Release announcements for DataFrames.jl

DataFrames.jl 1.2.0 is out. Here you can find the release notes. I have also written a blog post explaining the key user visible changes it introduces.

19 Likes

DataFrames.jl 1.3.0 is out.

It is a major release much bigger than recent releases. It is expected that, hopefully, we managed to fix all key missing parts in the package to make it feature complete.

Development towards 1.4.0 will continue by adding additional features requested by the users. I expect to have this release around JuliaCon 2022 (unless something unexpected happens).

Here you can find the detailed release notes. See also NEWS.md for a list of relevant changes in the package.

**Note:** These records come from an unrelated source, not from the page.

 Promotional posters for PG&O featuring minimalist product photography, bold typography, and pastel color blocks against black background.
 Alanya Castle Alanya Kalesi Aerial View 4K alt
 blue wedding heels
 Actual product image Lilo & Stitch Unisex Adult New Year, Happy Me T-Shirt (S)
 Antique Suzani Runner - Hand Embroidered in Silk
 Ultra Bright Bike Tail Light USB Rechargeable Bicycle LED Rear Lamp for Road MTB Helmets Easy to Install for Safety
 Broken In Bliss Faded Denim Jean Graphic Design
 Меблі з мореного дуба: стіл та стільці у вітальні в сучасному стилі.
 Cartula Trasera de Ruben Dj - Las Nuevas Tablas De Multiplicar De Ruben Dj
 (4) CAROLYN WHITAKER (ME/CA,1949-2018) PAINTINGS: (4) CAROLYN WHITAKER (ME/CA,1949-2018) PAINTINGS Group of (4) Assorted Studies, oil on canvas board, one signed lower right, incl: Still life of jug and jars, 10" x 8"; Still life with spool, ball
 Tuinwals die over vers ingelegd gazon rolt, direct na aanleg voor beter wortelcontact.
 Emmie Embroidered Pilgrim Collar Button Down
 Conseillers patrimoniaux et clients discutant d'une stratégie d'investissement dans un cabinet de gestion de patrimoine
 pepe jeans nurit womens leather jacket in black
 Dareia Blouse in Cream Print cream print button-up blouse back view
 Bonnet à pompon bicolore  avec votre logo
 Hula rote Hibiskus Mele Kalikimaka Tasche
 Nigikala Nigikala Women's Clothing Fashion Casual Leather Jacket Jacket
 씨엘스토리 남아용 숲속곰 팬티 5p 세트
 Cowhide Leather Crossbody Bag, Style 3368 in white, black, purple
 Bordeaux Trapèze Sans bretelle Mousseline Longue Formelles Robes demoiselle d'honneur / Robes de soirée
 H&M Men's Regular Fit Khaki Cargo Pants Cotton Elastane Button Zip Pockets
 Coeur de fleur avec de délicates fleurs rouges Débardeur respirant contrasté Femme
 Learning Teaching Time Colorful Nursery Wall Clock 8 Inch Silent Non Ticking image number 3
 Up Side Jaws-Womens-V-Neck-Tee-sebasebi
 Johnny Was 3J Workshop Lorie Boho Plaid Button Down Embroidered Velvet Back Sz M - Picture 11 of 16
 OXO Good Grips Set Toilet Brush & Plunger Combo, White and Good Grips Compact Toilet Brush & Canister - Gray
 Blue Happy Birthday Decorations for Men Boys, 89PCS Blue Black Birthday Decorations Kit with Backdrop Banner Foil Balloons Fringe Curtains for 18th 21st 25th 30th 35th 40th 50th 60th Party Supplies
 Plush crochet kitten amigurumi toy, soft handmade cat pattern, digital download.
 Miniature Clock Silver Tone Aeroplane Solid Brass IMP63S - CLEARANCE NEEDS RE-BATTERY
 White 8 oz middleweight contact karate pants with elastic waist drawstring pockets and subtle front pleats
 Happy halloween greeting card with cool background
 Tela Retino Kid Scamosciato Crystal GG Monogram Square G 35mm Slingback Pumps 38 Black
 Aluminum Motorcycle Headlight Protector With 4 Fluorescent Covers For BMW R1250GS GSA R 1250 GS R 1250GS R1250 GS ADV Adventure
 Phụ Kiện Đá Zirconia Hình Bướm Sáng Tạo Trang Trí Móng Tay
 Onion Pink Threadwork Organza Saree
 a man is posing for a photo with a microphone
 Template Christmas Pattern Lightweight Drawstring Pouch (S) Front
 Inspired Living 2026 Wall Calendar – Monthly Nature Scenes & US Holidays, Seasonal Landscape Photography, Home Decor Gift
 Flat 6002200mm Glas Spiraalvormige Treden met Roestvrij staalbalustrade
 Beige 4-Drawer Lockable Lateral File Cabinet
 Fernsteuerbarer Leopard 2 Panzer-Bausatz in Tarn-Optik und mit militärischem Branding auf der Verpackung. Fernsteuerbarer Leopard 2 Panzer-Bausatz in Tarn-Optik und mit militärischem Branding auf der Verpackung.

Let me briefly summarize the most important changes and additions (in total 125 PRs were merged since 1.2.2 release which is a lot) this will be brief so it assumes you know the functionality of the package, I will soon write a blog post explaining these changes for newcomers):

  • in groupby now users have more control on resulting group order (this resolves the issue previously groupby was implemented to produce the group ordering that is fastest to create by default, which is unintuitive in certain use cases; now sort keyword argument is improved and allows more control from the user if this is desired);
  • if SubDataFrame was created with : column selector (i.e. it contains all columns of its parent) then you can add new columns to such data frame in all functions (the filtered out rows get filled with missing value)
  • delete! is deprecated in favor of deleteat! fixing the inconsistency with how what these functions are used for in Julia Base
  • leftjoin! is added allowing for in-place joining of data frames (and it is fast)
  • in source .=> transformation .=> destination form of the transformation minilanguage the Cols, Between, All and Not selectors support broadcasting;
  • fix a bug in handling of keyword arguments in sorting related functions that in some cases allowed passing tuples (support of which was removed in 1.0 release) and in some other cases lead to stack overflow;
  • transformations having a form AsTable(...) => ByRow(sum) (and other standard reduction functions) are now fast even when many columns are selected (solving a long standing performance bottleneck)
  • In DataFrames.jl 1.4 release on Julia 1.7 or newer broadcasting assignment into an existing column of a data frame will replace it. Under Julia 1.6 or older it will be an in place operation. (this is an unfortunate difference in behavior between versions of Julia - it is impossible to implement it differently due to limitations of Julia Base; that is why a clear announcement of this discrepancy is made now and the change will be made effective in DataFrames.jl 1.4)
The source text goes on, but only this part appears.